My interest is in taking thousands of such "observations/outcomes" to see if there is any correlation between any of them. So far, it looks to be completely random. Sometimes the best move changes significantly but the growth rate for ALL moves has been constant over the last N iterations. Sometimes the growth rate for the new to be best move grows significantly, as expected, but not always (or even most of the time).

Question is, given enough such observations (and just growth rate is not the only way this could be done, there are other measures, such as percent of tree in second node as opposed to first, etc) is there a straightforward statistical tool that will eat a large volume of such data to see if there is any meaningful correlation between ANYTHING related to tree size and potential move changes???

I'd like to see something that might catch some condition and point out what that suggests (second move is growing faster than first for 2 or 3 iterations is strongly correlated with second move eventually becoming the best move.

At one time I think this was straightforward, but not today. With deep null-move reductions, LMR, and forward pruning, the node counts are pretty bizarre, to say the least. If you start printing them out as I have been for weeks, you begin to notice some AMAZING things (some moves take zero (ZERO!) nodes to search thanks to our good friend LMR and hash hits...)
gavanewijk
Posts: 9
Joined: Tue Mar 12, 2013 6:00 pm
Location: Netherlands

Re: "easy/hard" one more time

Post by gavanewijk »

bob wrote: Question is, given enough such observations (and just growth rate is not the only way this could be done, there are other measures, such as percent of tree in second node as opposed to first, etc) is there a straightforward statistical tool that will eat a large volume of such data to see if there is any meaningful correlation between ANYTHING related to tree size and potential move changes???
I can recomment RapidMiner.

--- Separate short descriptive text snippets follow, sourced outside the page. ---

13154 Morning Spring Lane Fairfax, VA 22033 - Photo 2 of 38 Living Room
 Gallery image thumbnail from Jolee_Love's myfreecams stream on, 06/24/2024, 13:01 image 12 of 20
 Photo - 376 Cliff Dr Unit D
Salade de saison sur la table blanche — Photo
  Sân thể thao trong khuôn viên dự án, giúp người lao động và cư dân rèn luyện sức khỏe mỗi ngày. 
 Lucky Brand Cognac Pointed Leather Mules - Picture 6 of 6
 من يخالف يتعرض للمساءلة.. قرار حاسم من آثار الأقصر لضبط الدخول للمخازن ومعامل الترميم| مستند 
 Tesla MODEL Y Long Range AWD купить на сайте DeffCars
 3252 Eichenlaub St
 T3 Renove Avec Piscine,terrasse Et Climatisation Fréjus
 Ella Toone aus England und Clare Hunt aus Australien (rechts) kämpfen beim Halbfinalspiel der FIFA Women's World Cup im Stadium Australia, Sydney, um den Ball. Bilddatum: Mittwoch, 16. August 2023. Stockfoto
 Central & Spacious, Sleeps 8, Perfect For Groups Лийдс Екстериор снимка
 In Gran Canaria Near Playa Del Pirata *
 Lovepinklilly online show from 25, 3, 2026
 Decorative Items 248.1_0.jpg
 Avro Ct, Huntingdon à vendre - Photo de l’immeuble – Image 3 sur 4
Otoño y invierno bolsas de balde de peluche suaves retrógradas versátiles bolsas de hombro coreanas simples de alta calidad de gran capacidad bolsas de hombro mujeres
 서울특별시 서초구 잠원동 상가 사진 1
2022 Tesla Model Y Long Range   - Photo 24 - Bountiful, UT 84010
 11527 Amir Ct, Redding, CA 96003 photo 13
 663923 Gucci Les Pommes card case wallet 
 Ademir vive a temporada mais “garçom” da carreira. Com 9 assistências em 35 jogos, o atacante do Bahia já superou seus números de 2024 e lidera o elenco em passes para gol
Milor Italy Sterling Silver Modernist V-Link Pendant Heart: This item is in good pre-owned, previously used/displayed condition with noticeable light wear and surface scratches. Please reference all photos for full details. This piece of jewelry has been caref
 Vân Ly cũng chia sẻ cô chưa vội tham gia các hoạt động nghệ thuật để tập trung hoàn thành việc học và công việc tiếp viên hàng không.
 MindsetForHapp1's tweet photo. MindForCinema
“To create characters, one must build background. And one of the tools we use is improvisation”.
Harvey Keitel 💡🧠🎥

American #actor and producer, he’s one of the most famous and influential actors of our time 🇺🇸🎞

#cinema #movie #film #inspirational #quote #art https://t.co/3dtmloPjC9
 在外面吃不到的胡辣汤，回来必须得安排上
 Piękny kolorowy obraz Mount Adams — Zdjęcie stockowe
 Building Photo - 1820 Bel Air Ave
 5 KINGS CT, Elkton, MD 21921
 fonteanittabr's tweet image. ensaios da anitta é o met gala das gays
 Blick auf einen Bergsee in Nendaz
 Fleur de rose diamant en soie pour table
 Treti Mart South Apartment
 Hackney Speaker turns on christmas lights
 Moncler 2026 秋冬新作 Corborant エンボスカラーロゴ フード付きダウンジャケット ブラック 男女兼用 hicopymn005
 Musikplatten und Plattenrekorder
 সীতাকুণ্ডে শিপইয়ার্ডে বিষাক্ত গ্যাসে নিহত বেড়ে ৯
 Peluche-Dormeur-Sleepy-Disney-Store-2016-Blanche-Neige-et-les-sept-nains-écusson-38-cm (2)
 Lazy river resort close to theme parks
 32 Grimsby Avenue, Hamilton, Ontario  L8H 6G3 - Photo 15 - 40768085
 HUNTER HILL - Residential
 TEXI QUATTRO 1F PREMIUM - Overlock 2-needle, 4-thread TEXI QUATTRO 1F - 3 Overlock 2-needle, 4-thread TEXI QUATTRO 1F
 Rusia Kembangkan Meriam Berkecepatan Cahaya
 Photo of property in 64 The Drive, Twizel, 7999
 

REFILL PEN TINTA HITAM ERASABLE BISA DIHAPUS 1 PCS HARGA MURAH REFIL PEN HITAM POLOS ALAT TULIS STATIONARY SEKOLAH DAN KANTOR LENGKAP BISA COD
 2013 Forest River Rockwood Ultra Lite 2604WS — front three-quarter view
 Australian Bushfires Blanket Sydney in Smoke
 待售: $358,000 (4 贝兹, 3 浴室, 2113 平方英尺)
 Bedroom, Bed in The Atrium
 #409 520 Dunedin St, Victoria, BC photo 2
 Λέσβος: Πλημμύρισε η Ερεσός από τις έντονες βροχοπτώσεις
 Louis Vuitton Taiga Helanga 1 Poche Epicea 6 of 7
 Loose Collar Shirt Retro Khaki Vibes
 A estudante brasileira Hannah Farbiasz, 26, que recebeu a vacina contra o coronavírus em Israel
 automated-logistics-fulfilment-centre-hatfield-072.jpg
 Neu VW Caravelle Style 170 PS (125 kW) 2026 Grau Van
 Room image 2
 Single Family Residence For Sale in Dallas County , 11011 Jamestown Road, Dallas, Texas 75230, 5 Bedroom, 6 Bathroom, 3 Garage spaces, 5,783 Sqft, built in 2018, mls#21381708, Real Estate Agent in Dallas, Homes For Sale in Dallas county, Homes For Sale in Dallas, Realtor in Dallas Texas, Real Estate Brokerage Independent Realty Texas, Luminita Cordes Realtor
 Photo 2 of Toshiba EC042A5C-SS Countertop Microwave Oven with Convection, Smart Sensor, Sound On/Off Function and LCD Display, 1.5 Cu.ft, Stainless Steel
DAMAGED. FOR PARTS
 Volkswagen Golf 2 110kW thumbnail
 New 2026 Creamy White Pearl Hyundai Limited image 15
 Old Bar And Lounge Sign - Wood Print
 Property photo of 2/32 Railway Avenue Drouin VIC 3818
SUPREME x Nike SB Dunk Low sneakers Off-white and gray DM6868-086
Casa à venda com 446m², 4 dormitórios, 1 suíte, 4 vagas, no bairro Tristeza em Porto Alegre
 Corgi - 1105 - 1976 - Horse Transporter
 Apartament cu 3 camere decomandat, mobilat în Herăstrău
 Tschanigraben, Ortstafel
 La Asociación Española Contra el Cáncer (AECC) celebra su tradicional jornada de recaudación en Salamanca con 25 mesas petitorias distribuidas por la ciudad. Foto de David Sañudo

It's a free data mining tool with lot's of machine learning techniques. The interface takes a bit of getting used to, but there are examples to follow. You have a classification problem at hand, a Decision Tree or Decision Stump algorithm would be my first thing to try.
bob
Posts: 20943
Joined: Mon Feb 27, 2006 7:30 pm
Location: Birmingham, AL

Re: "easy/hard" one more time

Post by bob »

gavanewijk wrote:
bob wrote: Question is, given enough such observations (and just growth rate is not the only way this could be done, there are other measures, such as percent of tree in second node as opposed to first, etc) is there a straightforward statistical tool that will eat a large volume of such data to see if there is any meaningful correlation between ANYTHING related to tree size and potential move changes???
I can recomment RapidMiner. It's a free data mining tool with lot's of machine learning techniques. The interface takes a bit of getting used to, but there are examples to follow. You have a classification problem at hand, a Decision Tree or Decision Stump algorithm would be my first thing to try.
I had thought of data mining, and even have a group of those folks here. I suppose my best bet might be to talk to them about optimal formatting, and then just give 'em a mountain of data and let 'em sort it out to see if anything correlates with anything useful. Particularly something odd happening now, and then a real move or two later in the game, something breaks.